> _Material provided_:

○ ○ ○

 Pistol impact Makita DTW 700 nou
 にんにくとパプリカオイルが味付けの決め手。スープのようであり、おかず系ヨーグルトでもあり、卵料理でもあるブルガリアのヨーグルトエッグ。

○ ○ ○

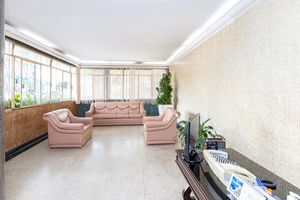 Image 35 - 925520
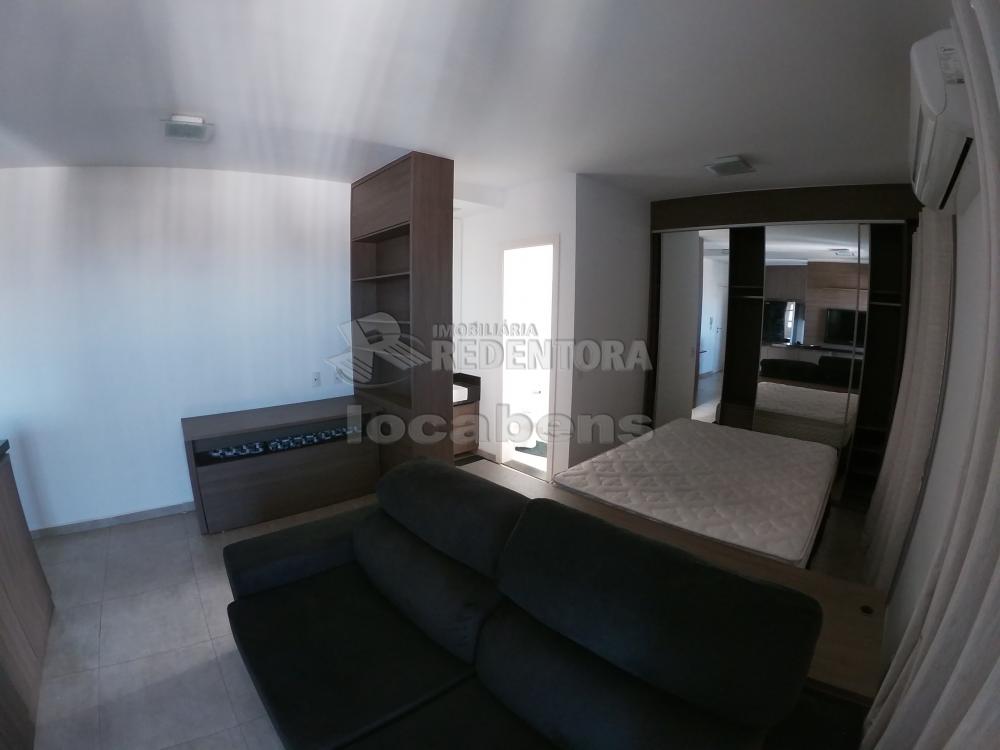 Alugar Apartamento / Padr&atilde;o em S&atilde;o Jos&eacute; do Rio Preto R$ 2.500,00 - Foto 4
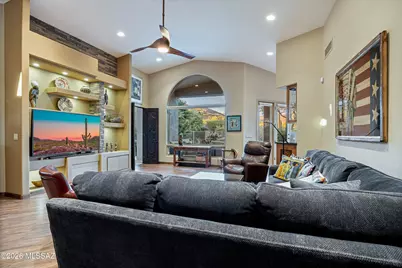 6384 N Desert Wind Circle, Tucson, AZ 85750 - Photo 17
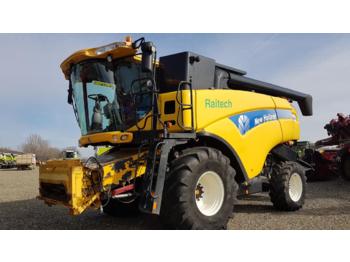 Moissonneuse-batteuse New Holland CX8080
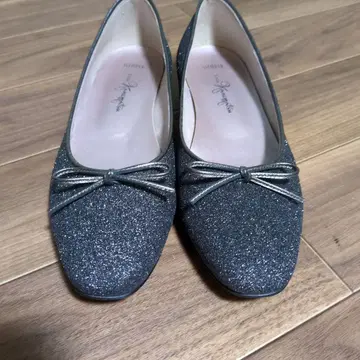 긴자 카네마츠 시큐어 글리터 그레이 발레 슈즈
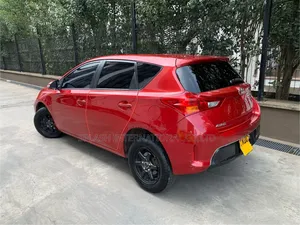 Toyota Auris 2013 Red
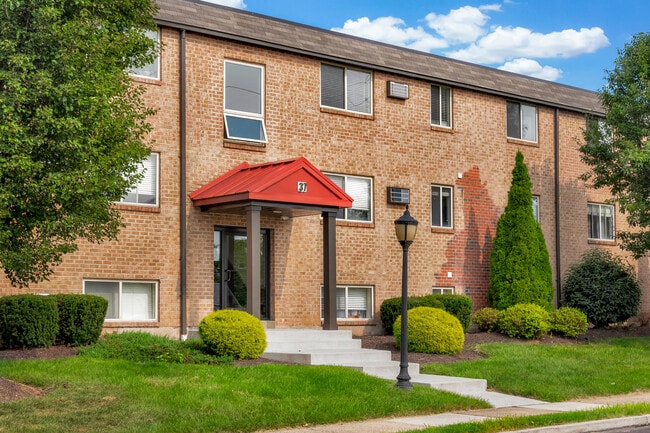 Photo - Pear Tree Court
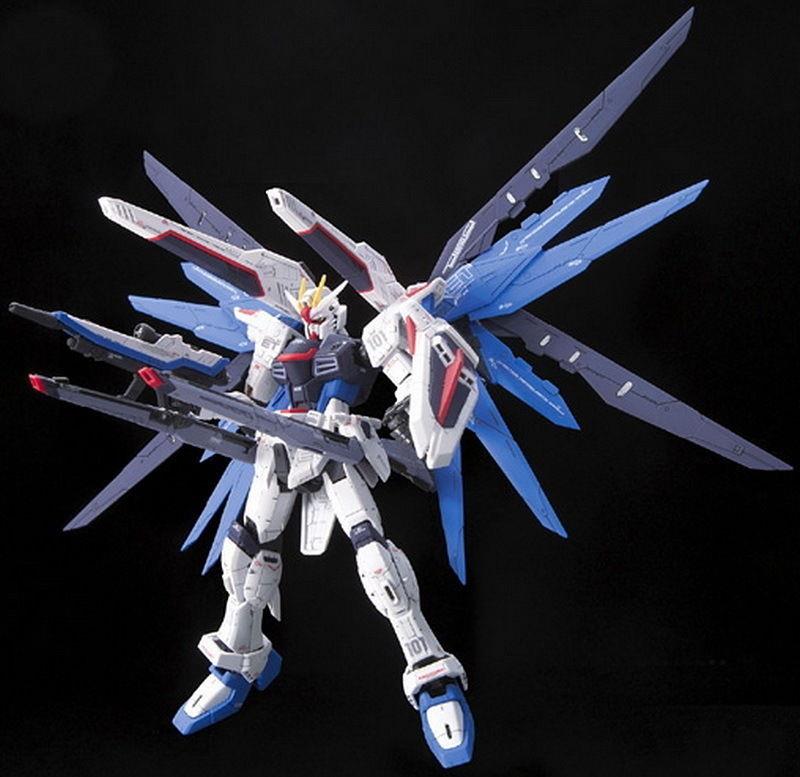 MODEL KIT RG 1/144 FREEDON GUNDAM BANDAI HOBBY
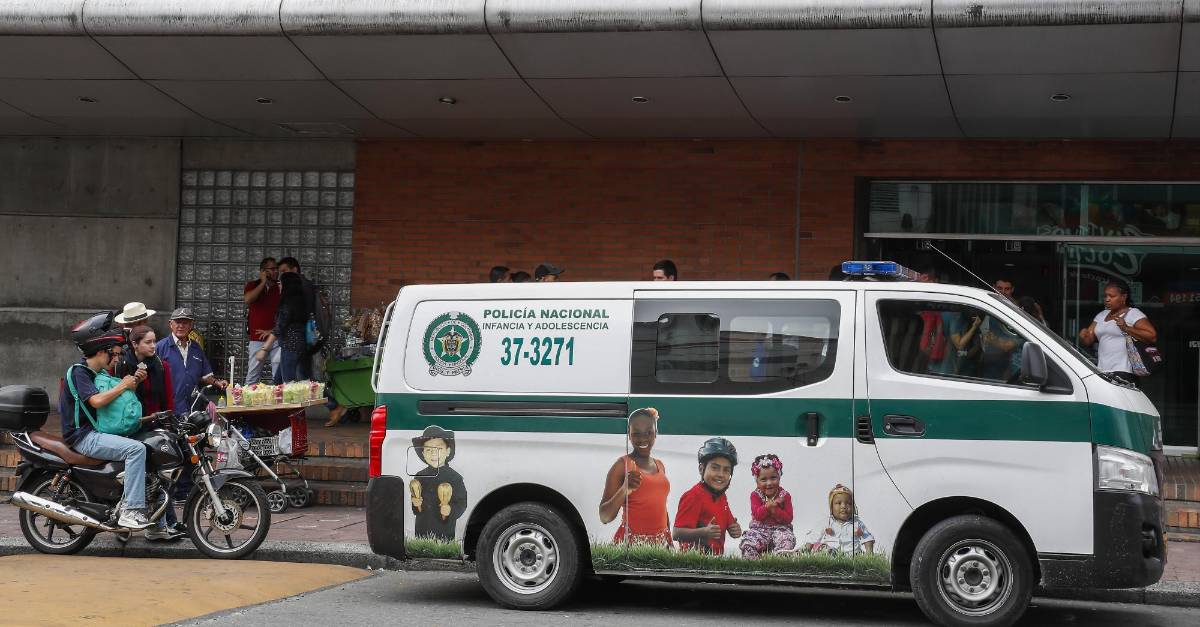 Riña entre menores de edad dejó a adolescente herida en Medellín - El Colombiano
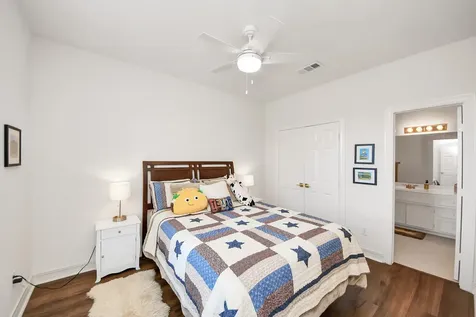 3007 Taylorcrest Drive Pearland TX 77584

○ ○ ○

> _What to produce_: Please output the lines above beginning at the line with "Photo - Pear Tree Court" and ending after the line with "3007 Taylorcrest Drive Pearland TX 77584", precisely as written and with no pictures.

> _Solution to the exercise_:
 Photo - Pear Tree Court
 MODEL KIT RG 1/144 FREEDON GUNDAM BANDAI HOBBY
 Riña entre menores de edad dejó a adolescente herida en Medellín - El Colombiano
 3007 Taylorcrest Drive Pearland TX 77584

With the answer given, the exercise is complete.